Now, with that said, WotC's 4e adventures up until about the Essentials releases were pathetically bad, ignoring every good piece of advice the DMG suggested. I think it was a combination of the delve format, their general lack of knowledge about their own system, and page limits wherein they apparently needed to fit 3 levels of XP within 64 pages. Regardless, they shine a huge spotlight on 4e's worst flaws rather than celebrate the stuff it's actually good at.
The delve format was pretty bad. Even encounter had to be tactical because the format included maps and monsters. And had to be combat, or they'd have spent all that time formatting and working on the encounter for nothing.
It's pretty emblematic of 4e's problems.
I did a blog a while back on
why 4e was all combat, (cheekily named because a more apt name would have been "why, all other things being equal, 4e will slide towards combat") and one of the points was how encounters were designed.
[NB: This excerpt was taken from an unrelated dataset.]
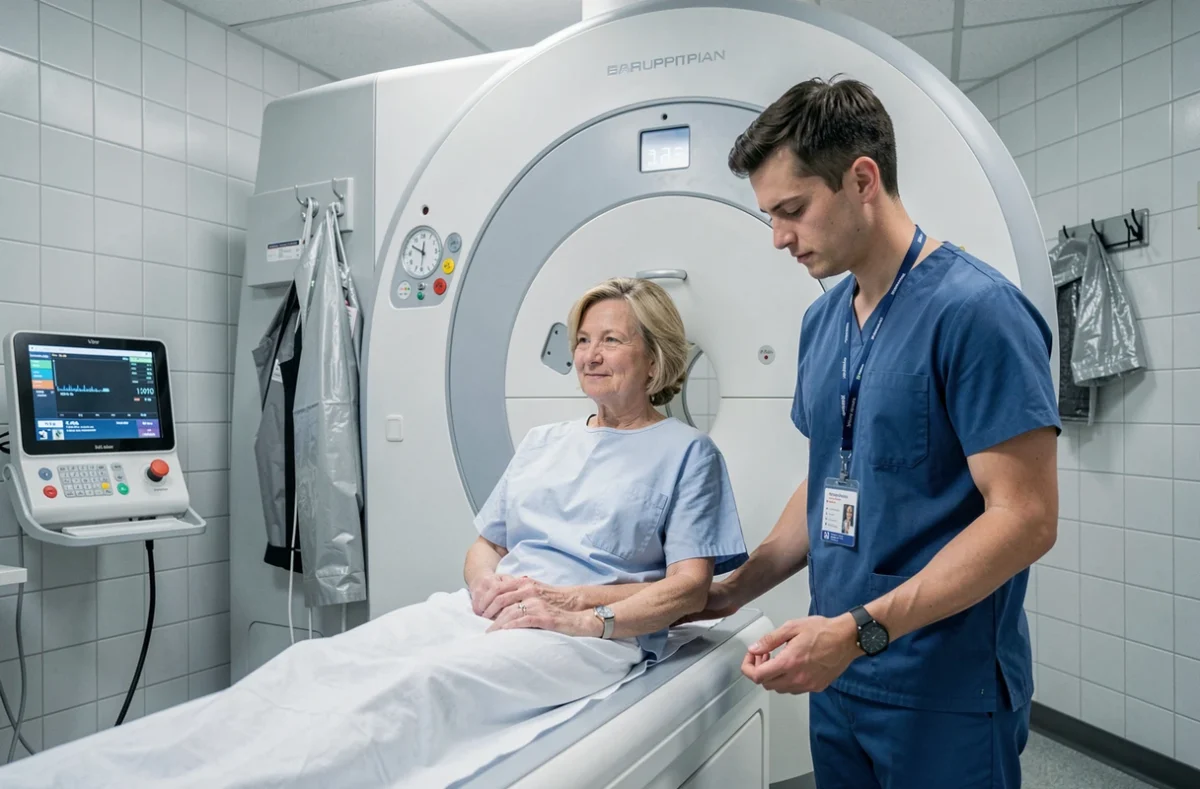 Technicien en radiologie préparant une patiente pour une radio dans un cabinet privé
Look at the 5e playtest: I've heard of numerous groups just charging overwhelming foes and getting slaughtered, because they've been trained by two editions to just assume an encounter is balanced and a fair fight. And if the fight is fair, there's no incentive to think of other solutions.
Very, very little of the combat centralism was purposeful design, but rather a series of accidents: synergies from individual improvements to that game that, taken as a whole, encouraged combat.
A good and skilled DM can sway away from this. And players used to improvisation and more narrative combat might not notice.